Beau and I were in New York (not city) in part to go visit one of his former instructors at a place called Cobalt Studios, an arts and education organization that both creates backdrops for professional theatres and also trains scenic painters in the art.

We got a tour of the rustic facility, which is located on a roughly 150-year-old farm house in White Lake. Students who study scenic painting there live in a–well, rustic–farm house on the property and study in another building–maybe a barn?–on the property. It is virtually in the middle of nowhere, surrounded by dense trees and visited by deer throughout the morning and evening. It was truly an idyllic place to visit and spend time.

In the summer, they run an intensive scenic painting program that really pushes students’ skills as far as they can go. The things they created really shocked me for both their elegance and their false-realness. And that might be the paradox of scenic painting–those artists are tasked with creating realistic-seeming facsimiles of real things, or to evoke the essence of a time and place, often creating three-dimensional images that are flat, filled with approximated shadows and textures.
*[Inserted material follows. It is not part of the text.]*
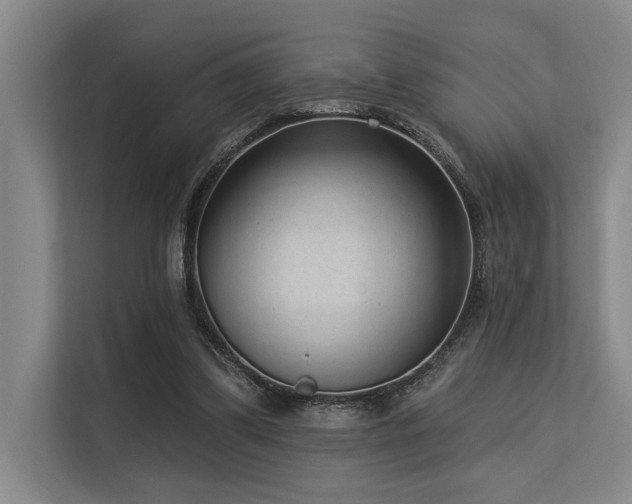 X0000113630299200909181522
I saw shockingly real-looking hand-painted portraits of hanging drapes, of marble carvings, of piers with seagalls flying overhead.

I told Beau later, I didn’t realize this was like, a thing.

He asked, How did you think it worked?

I said, I thought they were printed. By machines. They always look so real.

He said, That’s the art.

So I was humbled by their talents and vision. We had the chance to chat with some of the current summer students, who were kind and hilarious, and also very talented.